The range of conditions of stable operation of a catalytic honeycomb-type monolith has been investigated for the combustion of methane. Catalyst is constituted by a Pt-LaMnO3 active phase supported on a γ-Al2O3 washcoat deposited onto the internal channels of 900 cpsi commercial cordierite monolith via a dip-coating technique. The auto-thermal operation of the catalytic reactor is assured provided a certain amount of heat is supplied with an external furnace. The ignition of the CH4/O2 mixture occurs at a defined pre-heating temperature that is a decreasing function of methane concentration and approximately constant with the total flow rate. Once the system is ignited, pre-heating temperature can be lowered also of 150–250 °C, depending on the flow rate, before quenching occurs. System quenching occurs due to extinction at lower investigated flow rates, or to blowout at the highest flow rate investigated.

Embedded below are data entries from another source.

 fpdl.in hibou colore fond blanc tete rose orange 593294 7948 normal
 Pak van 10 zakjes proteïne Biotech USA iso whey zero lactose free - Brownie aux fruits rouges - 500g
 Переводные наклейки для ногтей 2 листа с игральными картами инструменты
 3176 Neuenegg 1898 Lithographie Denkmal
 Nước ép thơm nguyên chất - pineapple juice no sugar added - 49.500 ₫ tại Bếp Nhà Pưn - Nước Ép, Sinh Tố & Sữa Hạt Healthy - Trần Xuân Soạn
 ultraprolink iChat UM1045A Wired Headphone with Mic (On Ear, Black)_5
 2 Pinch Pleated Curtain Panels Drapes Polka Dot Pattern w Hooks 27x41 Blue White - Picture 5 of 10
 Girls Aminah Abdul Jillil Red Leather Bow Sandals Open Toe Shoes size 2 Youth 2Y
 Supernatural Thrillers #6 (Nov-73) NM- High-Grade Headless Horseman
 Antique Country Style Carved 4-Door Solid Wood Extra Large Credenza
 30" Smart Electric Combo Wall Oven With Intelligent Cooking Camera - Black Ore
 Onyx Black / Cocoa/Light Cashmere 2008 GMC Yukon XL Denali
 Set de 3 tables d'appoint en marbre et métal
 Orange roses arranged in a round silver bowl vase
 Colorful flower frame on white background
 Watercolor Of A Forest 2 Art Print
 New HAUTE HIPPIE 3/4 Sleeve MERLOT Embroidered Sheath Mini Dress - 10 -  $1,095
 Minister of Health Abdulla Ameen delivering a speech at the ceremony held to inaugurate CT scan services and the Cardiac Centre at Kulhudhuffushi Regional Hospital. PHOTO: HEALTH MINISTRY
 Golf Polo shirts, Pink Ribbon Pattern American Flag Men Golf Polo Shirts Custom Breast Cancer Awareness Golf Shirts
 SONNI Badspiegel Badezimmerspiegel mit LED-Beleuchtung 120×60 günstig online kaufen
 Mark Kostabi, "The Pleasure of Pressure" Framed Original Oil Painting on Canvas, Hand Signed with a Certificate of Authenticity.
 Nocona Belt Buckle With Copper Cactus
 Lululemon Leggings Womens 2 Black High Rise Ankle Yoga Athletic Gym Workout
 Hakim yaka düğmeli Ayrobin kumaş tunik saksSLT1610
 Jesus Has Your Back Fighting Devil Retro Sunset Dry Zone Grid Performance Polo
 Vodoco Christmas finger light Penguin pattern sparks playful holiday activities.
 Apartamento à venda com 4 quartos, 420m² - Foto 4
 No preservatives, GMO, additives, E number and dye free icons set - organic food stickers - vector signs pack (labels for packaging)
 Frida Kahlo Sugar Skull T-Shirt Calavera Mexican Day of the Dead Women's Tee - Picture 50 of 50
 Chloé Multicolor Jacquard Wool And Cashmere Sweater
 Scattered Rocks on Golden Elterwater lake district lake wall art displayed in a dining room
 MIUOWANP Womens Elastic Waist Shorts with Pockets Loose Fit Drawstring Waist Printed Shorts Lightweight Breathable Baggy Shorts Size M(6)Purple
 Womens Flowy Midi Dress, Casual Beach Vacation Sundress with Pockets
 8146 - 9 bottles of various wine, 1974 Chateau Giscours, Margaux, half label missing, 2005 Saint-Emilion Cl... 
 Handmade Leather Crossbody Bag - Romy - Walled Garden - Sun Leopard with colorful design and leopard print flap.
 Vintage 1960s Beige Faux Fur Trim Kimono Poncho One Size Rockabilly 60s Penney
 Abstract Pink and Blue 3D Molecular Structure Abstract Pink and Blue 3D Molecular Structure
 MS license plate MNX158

Such ignition/quenching temperatures have been also evaluated when an energetically equivalent CH4–H2 is used as fuel, recognizing that only ignition takes a large and significant advantage by the presence of hydrogen, since quenching occurs at the same pre-heating temperature whatever the fuel composition, being it a phenomenon basically controlled by energy balance with surroundings (heat losses). On the other hand, by partially substituting of fraction of methane with hydrogen the ignition temperature can be lowered of an amount that is higher the higher the flow rate.